I think it makes sense to want to test the isValid function. That's the function that does the actual checking. It is used in two functions and if we can cover it directly then we shouldn't need to test those two other functions with as many different strings.

local function valid(str)
  return function() assertEqual(true, ThingID__.isValid(str)) end
end
local function invalid(str)
  return function() assertEqual(false, ThingID__.isValid(str)) end
end

runtests(
  valid("AS-123456"),
  invalid("as-123456"),
  invalid("asd-123456"),
  invalid("QW-1"),
  invalid("AB-123456789"))

Like we can do that. We cover like the core checking stuff with tests and that's good. Same as with the isValidThingID in the beginning, testing the validation function doesn't actually give us much confidence that the results are used correctly by callers of the function. In this case the idea is that only new and maybe needs to use the function, so the problem should be a lot smaller.

The new and maybe function have just one if-else each so we should be able to cover them with just two tests for each. In practice, when things are organized like this, I tend to just test the outer functions instead of the inner, but with test data that covers all of the inner one. Something like:

local function valid(expected, str)
  return function()
    assertEqual(expected, ThingID__.new(str).identifier)
    assertEqual(expected, ThingID__.maybe(str).value.identifier)
  end
end
local function invalid(str)
  return function()
    assertError(function() ThingID__.new(str) end)
    assertEqual(nil, ThingID__.maybe(str).value)
  end
end

runtests(
  valid("AS-123456", "AS-123456"),
  valid("AS-123456", "as-123456"),
  valid("RT-5432", " RT-5432  "),
  invalid("asd-123456"),
  invalid("QW-1"),
  invalid("AB-123456789"))

That's okay I think.

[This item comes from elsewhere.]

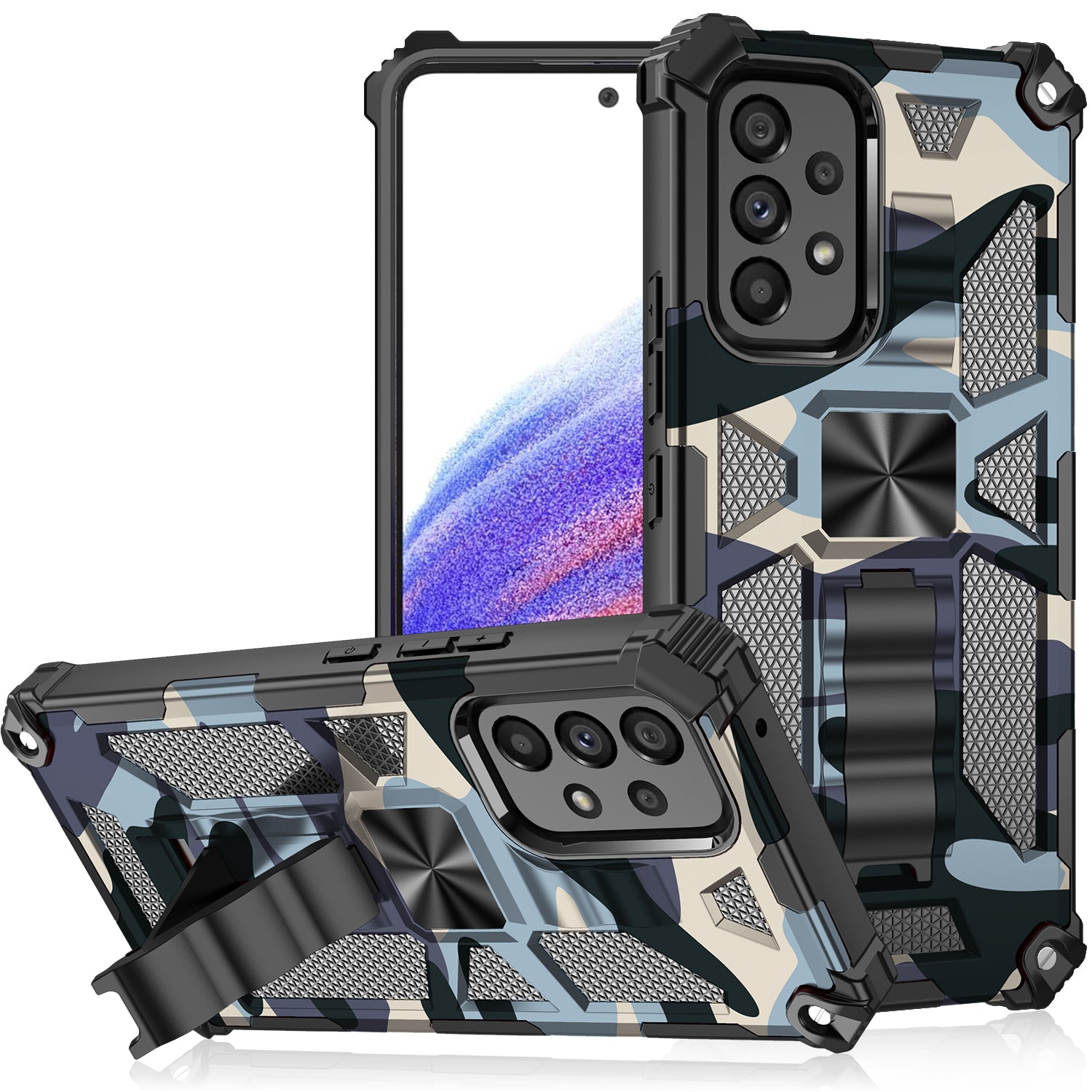 Slim Phone Case for Samsung Galaxy A53 5G Military Grade Armor Hybrid PC+TPU Shockproof Camouflage Cover with Kickstand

We can then also consider making the isValid function local/private so that other code don't get to just use it. Then we can kind of know that we have covered it its callers with tests and we're more likely to catch it if other callers start cropping up.

And I think there's something a little unsatisfying about it. It's not majorly major and important stuff, but:

- We are kind of double-testing the isValid function.
- isValid is basically a pure function and uh. It might not be a function we particularly want to expose to the surrounding world anyway, but it does feel maybe a little silly to consider hiding it because it's like dangerous. Like, because it returns booleans, we know that if anyone uses it they're probably going to if-else on it or something like that, and we know that that's a thing that can be done the wrong way around. Like I dunno are we "tainting" callers with the booleans?

Results

Yeah I guess I think that is what is happening: Our function solves a little logic problem. It ifs and it elses and it figures things out. But in the end it sort of returns a tiny logic problem to its caller. Like here's a boolean value for you to deal with, and let's see if you if-else on it the way you should. IME a lot of problems can be avoided by returning something more "usable." In this case I think a "result" value that potentially contains the validated ID string is a good fit:

traced()

ThingID = {}
local function construct(str)
  return {
    tag = ThingID,
    identifier = str
  }
end

function ThingID.valid(str)
  str = trim(str):upper()
  str = str:match("^%a%a[-]%d+$")
  if not str then
    return Result.bad("bad format")
  end
  if #str < 5 then
    return Result.bad("few characters")
  end
  if #str > 10 then
    return Result.bad("many characters")
  end
  return Result.good(str)
end

function ThingID.new(str)
  return construct(ThingID.valid(str).orError())
end

function ThingID.maybe(str)
  return ThingID.valid(str).map(construct)
end

(Since we, when validation succeeds, return a data structure containing the actually validated string, it's possible to move the stuff dealing with casing and whitespace into the validation function. Again, this may or may not be a good idea, depending on circumstances, but now it's an option.)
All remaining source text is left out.